### Records supplied
________________________________________
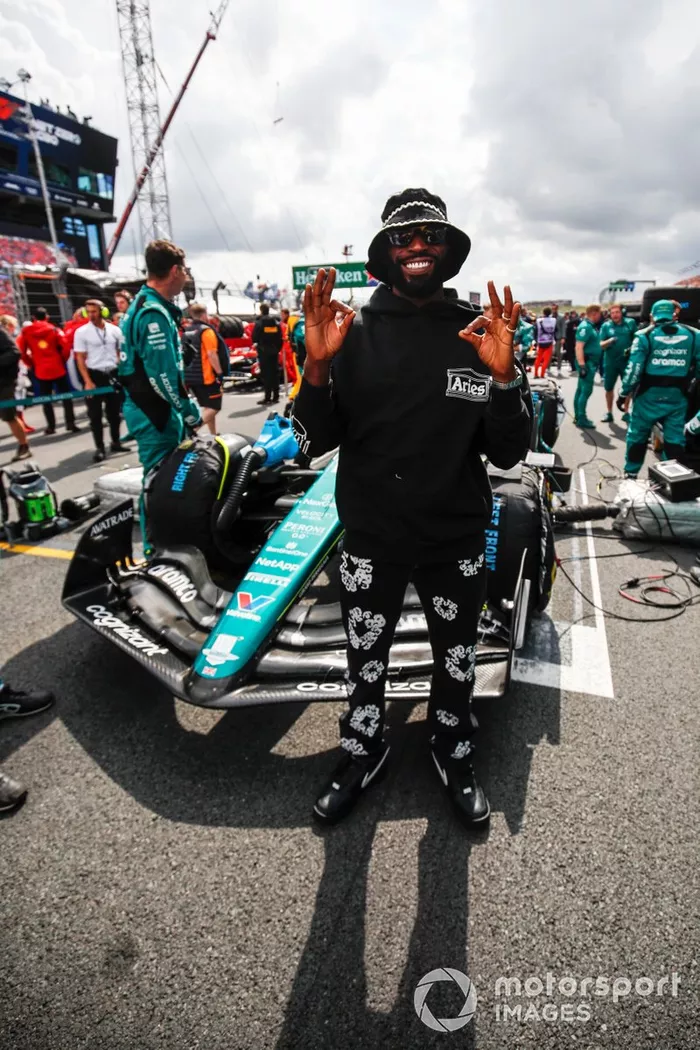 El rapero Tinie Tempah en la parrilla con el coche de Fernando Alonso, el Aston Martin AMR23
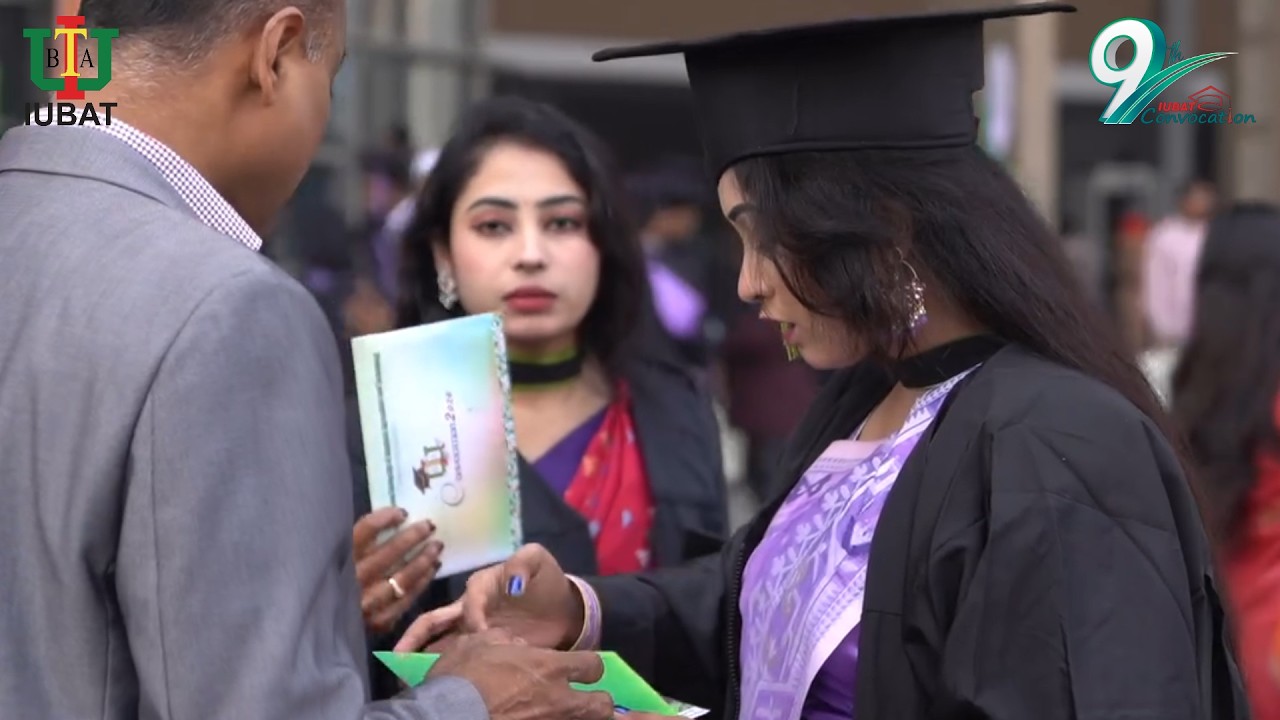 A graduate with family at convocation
________________________________________
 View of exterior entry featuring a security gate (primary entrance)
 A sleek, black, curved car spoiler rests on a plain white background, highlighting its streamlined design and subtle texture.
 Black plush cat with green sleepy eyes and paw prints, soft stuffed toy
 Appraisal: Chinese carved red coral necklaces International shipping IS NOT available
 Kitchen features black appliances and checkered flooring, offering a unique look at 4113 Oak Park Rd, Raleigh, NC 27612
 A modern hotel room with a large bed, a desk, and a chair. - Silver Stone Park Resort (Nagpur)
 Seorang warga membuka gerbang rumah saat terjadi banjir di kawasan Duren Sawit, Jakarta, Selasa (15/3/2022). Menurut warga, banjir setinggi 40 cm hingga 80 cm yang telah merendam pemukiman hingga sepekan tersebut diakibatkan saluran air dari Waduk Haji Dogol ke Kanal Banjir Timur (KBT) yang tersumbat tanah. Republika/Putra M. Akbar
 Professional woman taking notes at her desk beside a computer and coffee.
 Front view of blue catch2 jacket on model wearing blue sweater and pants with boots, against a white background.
________________________________________
### Task instructions
From the records above, transcribe exactly the run of lines that opens with the line holding "A modern hotel" and closes with the line holding "Front view of", both included.

### Written response
 A modern hotel room with a large bed, a desk, and a chair. - Silver Stone Park Resort (Nagpur)
 Seorang warga membuka gerbang rumah saat terjadi banjir di kawasan Duren Sawit, Jakarta, Selasa (15/3/2022). Menurut warga, banjir setinggi 40 cm hingga 80 cm yang telah merendam pemukiman hingga sepekan tersebut diakibatkan saluran air dari Waduk Haji Dogol ke Kanal Banjir Timur (KBT) yang tersumbat tanah. Republika/Putra M. Akbar
 Professional woman taking notes at her desk beside a computer and coffee.
 Front view of blue catch2 jacket on model wearing blue sweater and pants with boots, against a white background.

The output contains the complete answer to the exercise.